The interlopers, books I didn’t plan to read:
  • Spirit-led Parenting by Megan Tietz and Laura Oyer. I had a copy of this hanging around from 2012, and just hadn’t finished it. Not particularly well written, but good content. A great read for new moms who are overwhelmed by all the conflicting advice in the baby manuals. Two stars for the writing versus four stars for content = three stars.
  • Pride and Prejudice and Sense and Sensibility by Jane Austen. After watching the film verions of P&P and S&S back in February, I had a hankering to read them again (for the first time since college). I think I loved them twice as much as a married thirty-something than I did as a single twenty-something. Five stars.
  • White Jacket Required by Jenna Weber. I support the bloggers I follow by reading their books. This one was a total disappointment. It was flat and sort of lifeless. It’s the single book I regret spending time with this year. No stars.

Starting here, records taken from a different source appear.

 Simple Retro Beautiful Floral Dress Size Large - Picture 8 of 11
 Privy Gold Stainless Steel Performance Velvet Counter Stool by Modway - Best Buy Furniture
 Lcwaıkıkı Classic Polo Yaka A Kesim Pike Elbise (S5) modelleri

  • Prep by Curtis Sittenfeld. Since I’d put American Wife on my list, and I already had a copy of Prep, I decided it would be apropos to read Sittenfeld’s first book first. Not as intriguing as American Wife (the main character has way too much angst for my taste), but still interesting and a good story. Three stars.

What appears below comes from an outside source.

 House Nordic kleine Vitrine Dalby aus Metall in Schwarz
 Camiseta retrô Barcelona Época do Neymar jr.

  • Seventeenth Summer by Maureen Daly. I happened upon a copy of this classic teen love story from the 1950s in the used bookstore. Couldn’t resist buying and reading it again. Twenty-some years later, I still think it’s the sweetest teen romance ever. Four stars.
  • It Starts with Food by Dallas and Melissa Hartwig. This is the manual for the Whole30, so when we decided to do it, I bought the book and read it. A must for anyone who really wants to understand the benefits of the Whole30 and a Paleo diet in general. Four stars.

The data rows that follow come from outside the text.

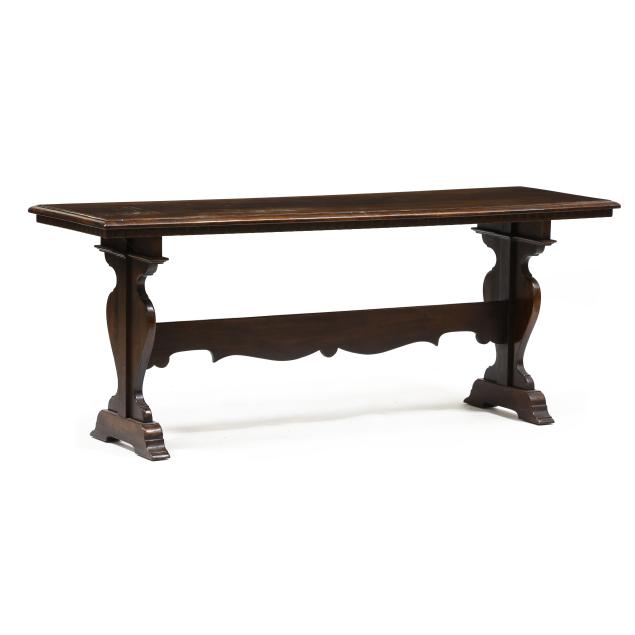 jacobean-style-walnut-console-table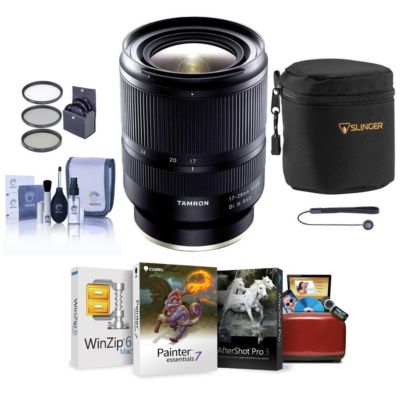 17-28mm f/2.8 Di III RXD Lens for Sony E, Bundle with ProOptic 67mm Filter Kit, Cleaning Kit, Lens Cap Tether, Mac Software Kit, Lens Pouch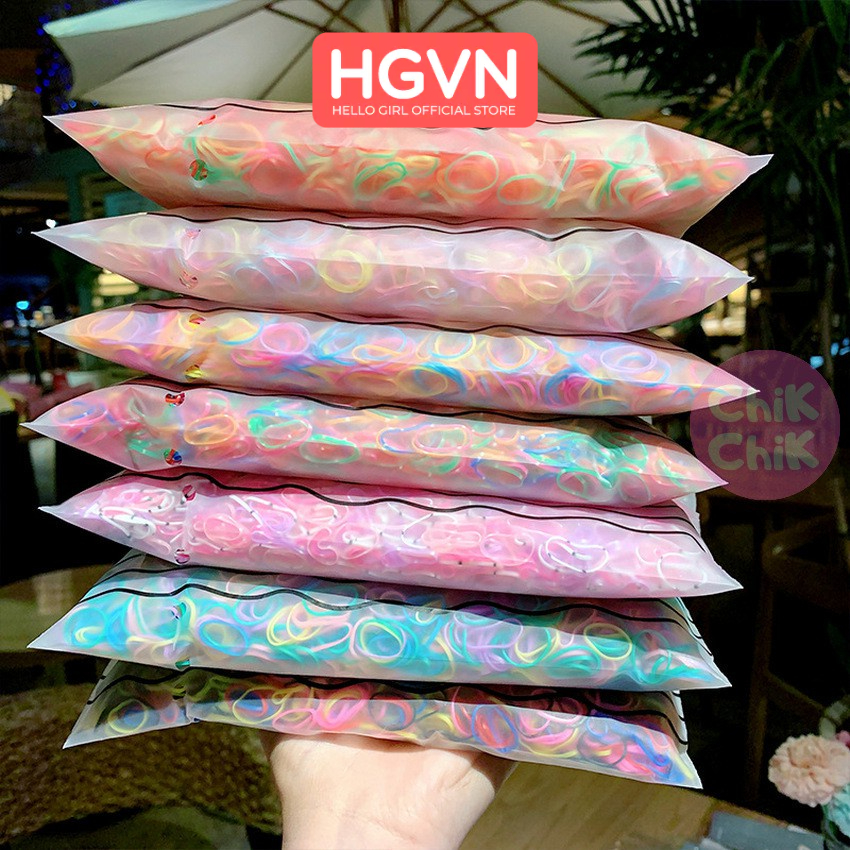 Dây buộc tóc cho bé gái túi 1000 cái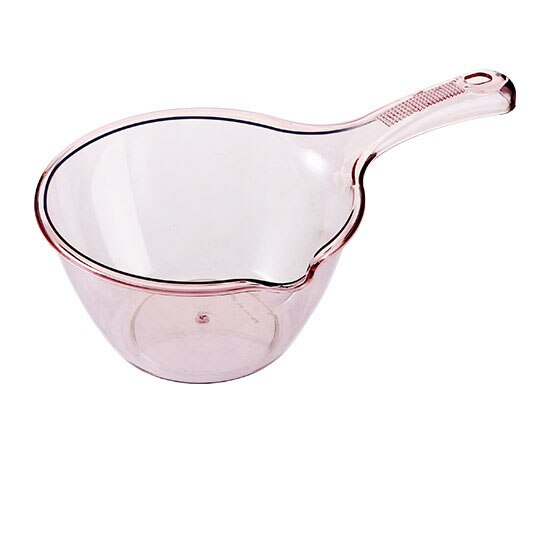 1Pc Long Handle Water Scoop Plastic Cooking Bathing Water Spoon Wash Fruit Baby Children Bath Scoop Ladle Washing Hair Tool: Pink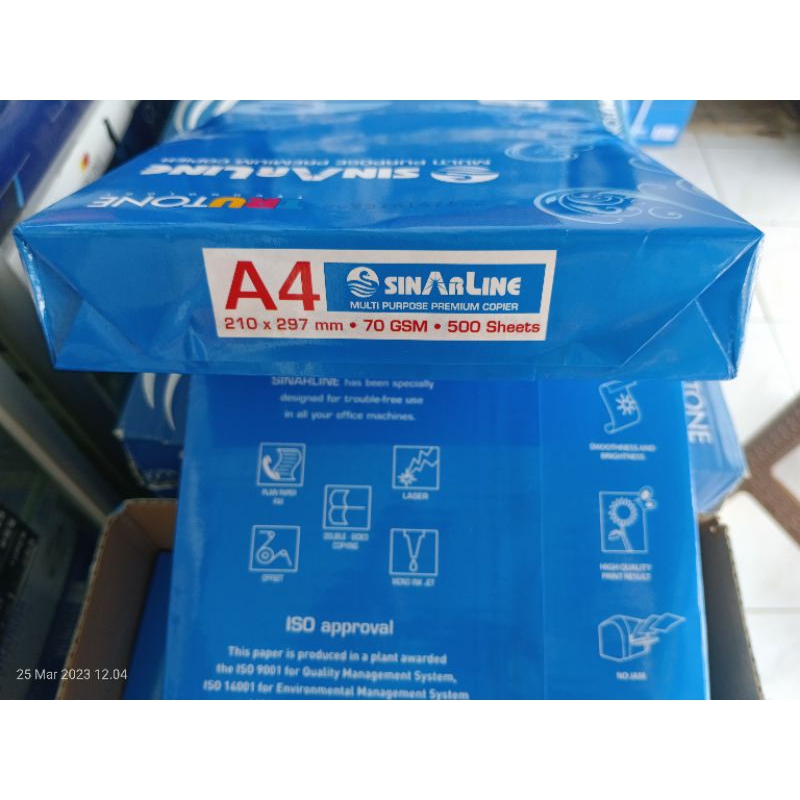 

Kertas A4 Sinar Line 70gsm/ A4 70 gsm / Sinar line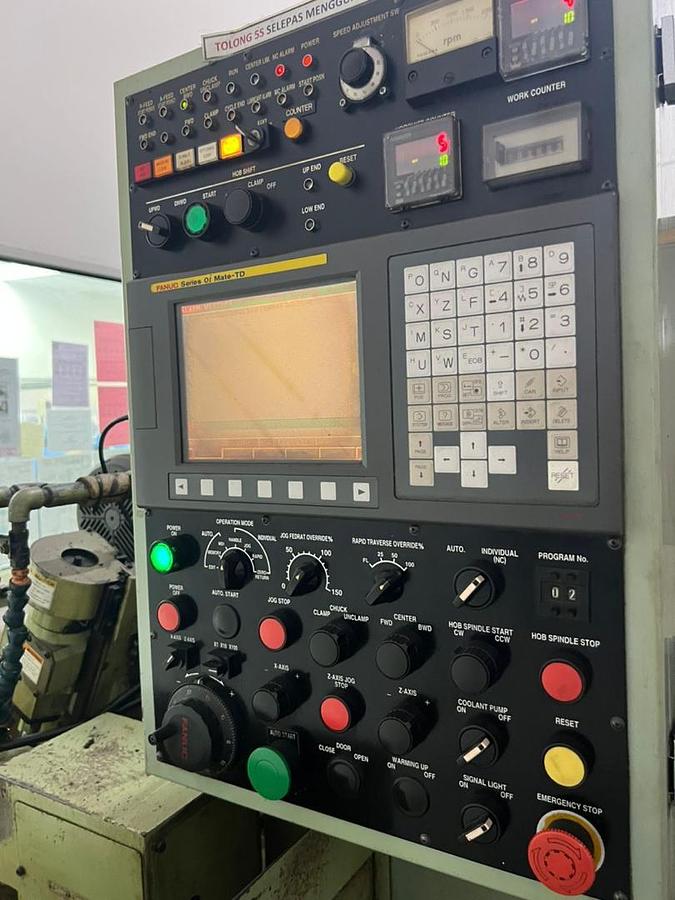 Used Kitai Sangyo Hi-Pro 5All Gear Hobbing Machine Year 2011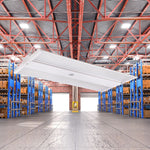 2FT LED Compact Linear High Bay Fixture, 23,100 Lumen Max, Wattage and CCT Selectable, 120-277V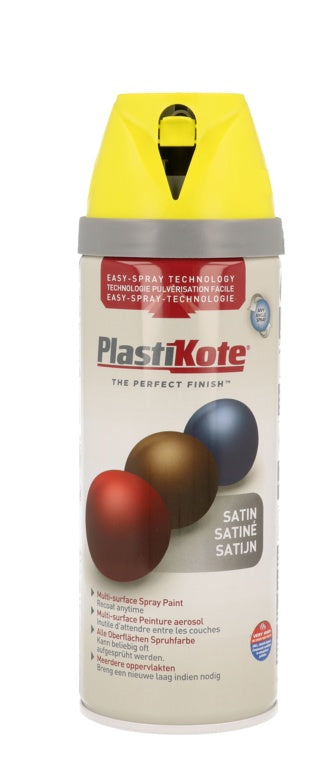 PlastiKote Twist & Spray Paint 400ml Lime Green Satin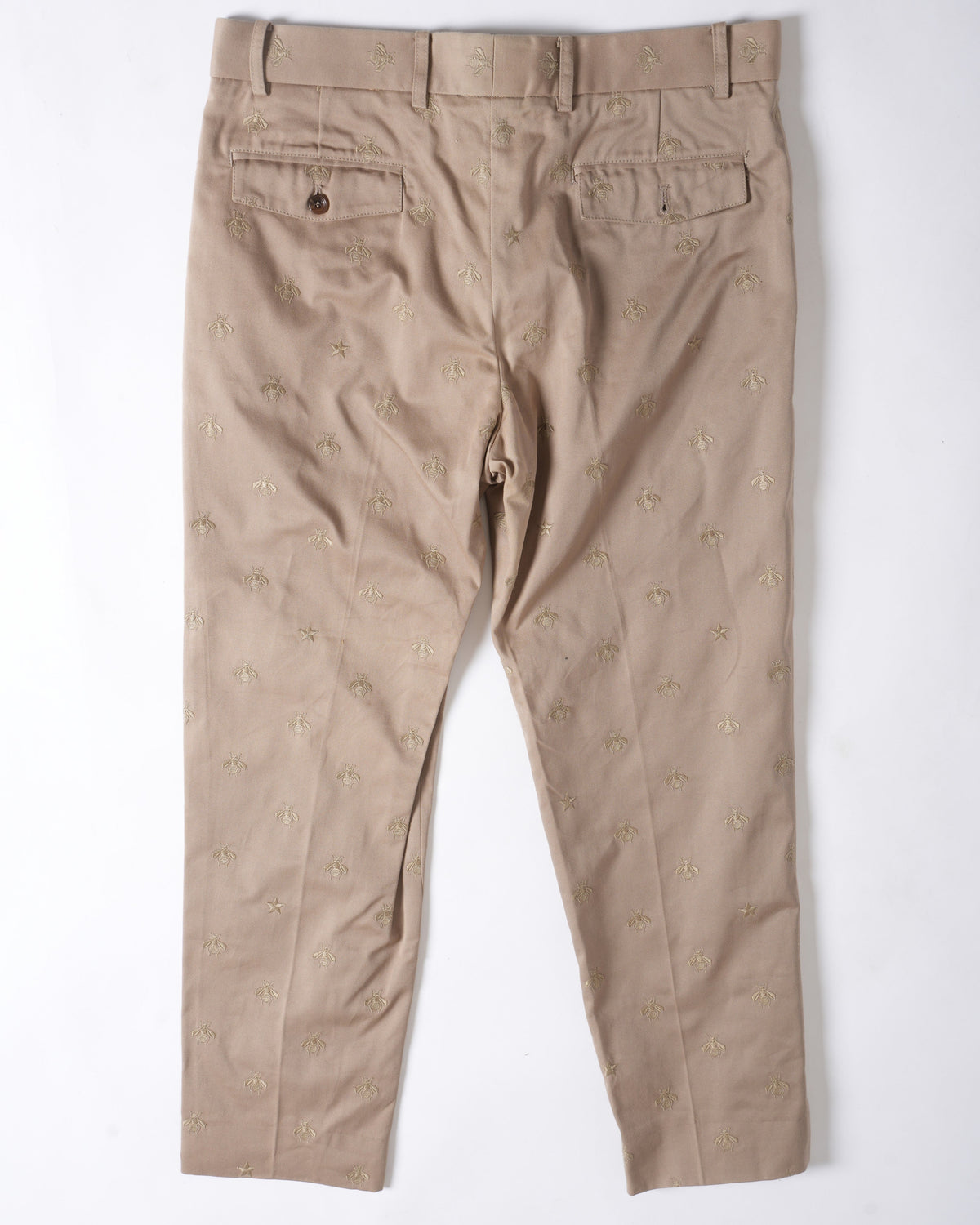 Gucci men's embroidered pants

  • This Organic Life: Confessions of a Suburban Homesteader by Joan Dye Gussow. When Michael Pollan cited Gussow in The Omnivore’s Dilemma, it dawned on me that I’d been given a copy of her book as a gift a couple of years ago. Intrigued by Pollan’s comments, I picked it up and started in. Currently reading (and enjoying).

I’m sure there will be books on the original list of 26 that I just don’t get to, and thus they’ll get moved over to 2014. Regardless, the main point, which is to make reading a significant part of my days, has worked. Setting a goal like this means that I’m focused on reading, learning, growing in the chunks of time that present themselves, like while I’m working out on the elliptical or bike, or waiting at the doctor’s office. Reading is one of the practices that feeds my mind, heart, and spirit in a very necessary way. When I fall away from spending regular time with books, I don’t feel as productive, as nurtured, as fulfilled.